The Knowledge Hierarchy

For knowledge to spring forth from information, various (mental) models must be selected; a selection aligned to the overarching goals. It is here where I firmly believe we have lost our way as an engineering profession. If we can call them that, our models are too far removed from purpose, goal, and context. We have confused a data storage model of trace trees, metrics, log records, and events, as a model of understanding. In the context of Observability, an example of a goal in deriving wisdom would be to obtain intelligent near-real-time situation awareness over a large connected, complex, and continually changing landscape of distributed services. Here, understanding via a situation model must be compatible and conducive to cooperative work performed by both machines and humans. Ask any vendor to demonstrate a situation’s representation, and all you will get is a dashboard with various jagged lines automatically scrolling. Nowhere to be found are signals and states, essential components of a past, present, and unfolding situation.

There is never knowledge without a model acting as a lens and filter, an augmentation of our senses and reasoning, defining what it is that is of importance – the utility and relevance of information in context. There is never information without rules, shaped by knowledge, extracting, collecting, and categorizing data. Data and information are not surrogates for a model. Likewise, a model is not a Dashboard, one built lazily and naively on top of a lake of data and information. A dashboard and many metrics, traces, and logs that come with it are not what constitutes a situation. A situation is formed and shaped by changing signals and states of structures and processes within an environment of nested contexts (observation points of assessment) – past, present, and predicted.

Models are critical when it comes to grasping at understanding in a world of increasing complexity. A model is a compact and abstract representation of a system under observation and control that facilitates conceptualization and communication about its structure and, more importantly, dynamics. Modeling is a simplification process that helps focus attention on what is of significance for higher-level reasoning, problem-solving, and prediction. Suitable models (of representation in structure and form) are designed and developed through abstraction and the need to view a system from multiple perspectives without creating a communication disconnect for all involved. Coherence is an essential characteristic of a model, as is conciseness and context. Unfortunately, introducing a model is not always as easy as a task, as it might look on paper if the abstraction does not pay off in terms of significant simplification and a shift in focus to higher levels of value. For example, Instana, where I was recently a Complexity Scientist, had some troubles in convincing many of those coming from an OpenTelemetry background that their abstraction of a Call over Span served a useful purpose.

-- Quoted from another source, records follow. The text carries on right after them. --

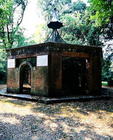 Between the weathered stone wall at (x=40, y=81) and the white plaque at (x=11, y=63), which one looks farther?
the white plaque at (x=11, y=63)

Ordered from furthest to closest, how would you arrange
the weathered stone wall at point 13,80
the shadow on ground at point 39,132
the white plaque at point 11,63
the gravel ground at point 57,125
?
the white plaque at point 11,63
the weathered stone wall at point 13,80
the gravel ground at point 57,125
the shadow on ground at point 39,132

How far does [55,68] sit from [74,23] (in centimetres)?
1206

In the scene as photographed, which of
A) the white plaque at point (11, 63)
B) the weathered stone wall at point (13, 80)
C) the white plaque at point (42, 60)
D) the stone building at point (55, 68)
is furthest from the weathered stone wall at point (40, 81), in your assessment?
the white plaque at point (11, 63)

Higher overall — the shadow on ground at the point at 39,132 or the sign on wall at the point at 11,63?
the sign on wall at the point at 11,63

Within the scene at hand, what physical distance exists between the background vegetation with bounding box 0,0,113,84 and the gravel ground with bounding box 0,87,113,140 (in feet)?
18.7

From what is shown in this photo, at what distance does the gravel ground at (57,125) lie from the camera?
524cm

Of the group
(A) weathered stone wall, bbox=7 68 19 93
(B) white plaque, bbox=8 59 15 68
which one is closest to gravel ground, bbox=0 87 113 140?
(A) weathered stone wall, bbox=7 68 19 93

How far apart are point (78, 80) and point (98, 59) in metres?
2.62

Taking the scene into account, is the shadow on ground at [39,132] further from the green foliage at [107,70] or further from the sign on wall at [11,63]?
the green foliage at [107,70]

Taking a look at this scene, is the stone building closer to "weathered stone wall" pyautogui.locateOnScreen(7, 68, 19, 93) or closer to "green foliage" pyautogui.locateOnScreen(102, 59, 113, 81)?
"weathered stone wall" pyautogui.locateOnScreen(7, 68, 19, 93)

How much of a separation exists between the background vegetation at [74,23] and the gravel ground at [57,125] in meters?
5.70

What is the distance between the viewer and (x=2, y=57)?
96.0 ft

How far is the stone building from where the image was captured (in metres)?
11.9

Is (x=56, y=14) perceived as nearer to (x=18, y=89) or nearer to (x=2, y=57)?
(x=2, y=57) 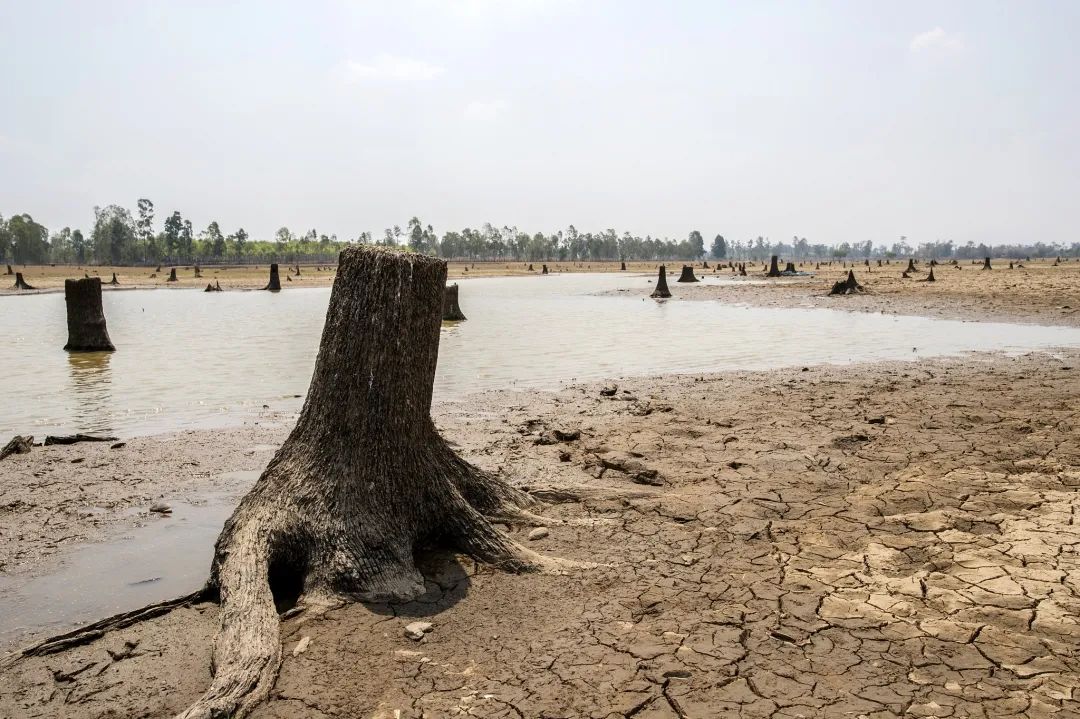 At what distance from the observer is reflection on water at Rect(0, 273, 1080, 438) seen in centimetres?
1005

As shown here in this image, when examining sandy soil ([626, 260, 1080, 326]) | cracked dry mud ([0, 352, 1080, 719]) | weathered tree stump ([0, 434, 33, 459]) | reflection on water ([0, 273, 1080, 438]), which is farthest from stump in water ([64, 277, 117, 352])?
sandy soil ([626, 260, 1080, 326])

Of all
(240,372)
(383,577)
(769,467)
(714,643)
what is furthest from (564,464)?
(240,372)

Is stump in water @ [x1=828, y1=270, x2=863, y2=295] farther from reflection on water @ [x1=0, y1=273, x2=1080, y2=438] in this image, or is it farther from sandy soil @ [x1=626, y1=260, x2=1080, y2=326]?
reflection on water @ [x1=0, y1=273, x2=1080, y2=438]

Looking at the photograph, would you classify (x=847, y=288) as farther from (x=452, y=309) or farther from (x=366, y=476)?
(x=366, y=476)

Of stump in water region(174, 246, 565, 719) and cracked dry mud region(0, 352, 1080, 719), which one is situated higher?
stump in water region(174, 246, 565, 719)

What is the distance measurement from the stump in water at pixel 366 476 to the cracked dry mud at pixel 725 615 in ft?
0.76

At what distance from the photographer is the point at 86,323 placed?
15586 mm

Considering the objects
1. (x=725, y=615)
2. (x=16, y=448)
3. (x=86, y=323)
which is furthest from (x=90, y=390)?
(x=725, y=615)

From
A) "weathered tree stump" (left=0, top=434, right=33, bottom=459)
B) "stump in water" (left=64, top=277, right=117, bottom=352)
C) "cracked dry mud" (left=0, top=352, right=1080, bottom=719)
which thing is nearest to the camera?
"cracked dry mud" (left=0, top=352, right=1080, bottom=719)

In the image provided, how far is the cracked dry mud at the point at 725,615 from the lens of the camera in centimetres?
305

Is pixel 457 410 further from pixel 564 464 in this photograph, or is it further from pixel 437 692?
pixel 437 692

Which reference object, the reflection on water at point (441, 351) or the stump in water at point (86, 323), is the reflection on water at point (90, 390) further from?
the stump in water at point (86, 323)

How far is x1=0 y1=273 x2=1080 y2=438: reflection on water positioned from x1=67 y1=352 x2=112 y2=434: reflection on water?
25 millimetres

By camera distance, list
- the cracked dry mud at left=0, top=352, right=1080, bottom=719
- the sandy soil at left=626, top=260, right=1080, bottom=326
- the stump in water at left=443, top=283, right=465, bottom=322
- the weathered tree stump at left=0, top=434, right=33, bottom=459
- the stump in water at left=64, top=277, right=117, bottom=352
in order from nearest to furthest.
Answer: the cracked dry mud at left=0, top=352, right=1080, bottom=719 → the weathered tree stump at left=0, top=434, right=33, bottom=459 → the stump in water at left=64, top=277, right=117, bottom=352 → the sandy soil at left=626, top=260, right=1080, bottom=326 → the stump in water at left=443, top=283, right=465, bottom=322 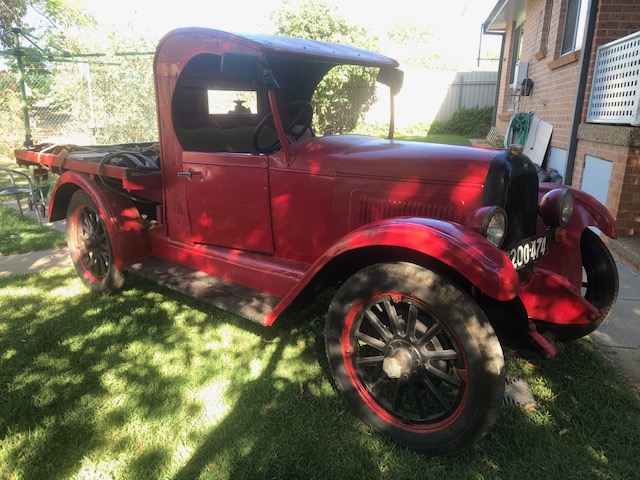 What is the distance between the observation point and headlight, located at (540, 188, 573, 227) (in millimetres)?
2559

This mismatch between what a developer conceptualizes at the level of instrumentation and what is presented within the tooling, visualizations, and interfaces is seen as an inconvenience – an inconvenient truth stemming from an industry that does far too much selling of meme-like nonsense and yesteryear thinking and tooling than educating in theory and practice. A focus on systems and dynamics needs to win over data and details to get back to designing and building agile, adaptive, and reliable enterprise systems.

Perception and Representation

In my current position at PostNL, I’m helping to design and develop a Control Tower for an ambitious Digital Supply Chain Platform. Depending on the domain and perspective taken, there are different possible models – objects (parcels), processes (sorting), and flows (transport). Still, it all comes down to transforming data at the sensory measurement level up into structures and then behavior along with affordance at increasing levels of abstractions, compression, and comprehension. While a Control Tower could readily track every small detail of a parcel’s movement, it would not effectively and efficiently understand the dynamics that emerge at the system level across many cooperating agents within such a highly interconnected network where promises, related to resource exchanges, are made, monitored, and adjusted in the event of disruptions. One agent’s (human or machine) model is another one’s raw data.

Aside: While it is hard not to see the importance of parcel tracking within a supply chain, at least from a customer perspective, I’ve still to have someone offer up a valid justification for distributed tracing in its current form over the approach OpenSignals takes.

Hierarchies of Attention and Abstraction in Observability

When designing observability and controllability interfaces for systems of services, or any system for that matter, it is essential to consider how it connects the operator to the operational domain in terms of the information content, structure, and (visual) forms. What representation is most effective in the immediate grounding of an operator within a situation? How efficiently and accurately can the information be communicated, playing to perceptual and cognitive strengths? Here is where an abstraction and attention hierarchy can significantly facilitate the monitoring and management of a complex system, chiefly where situational awareness, understanding of dynamics and constraints, and the ability to predict, to some small degree into the future, are of critical importance.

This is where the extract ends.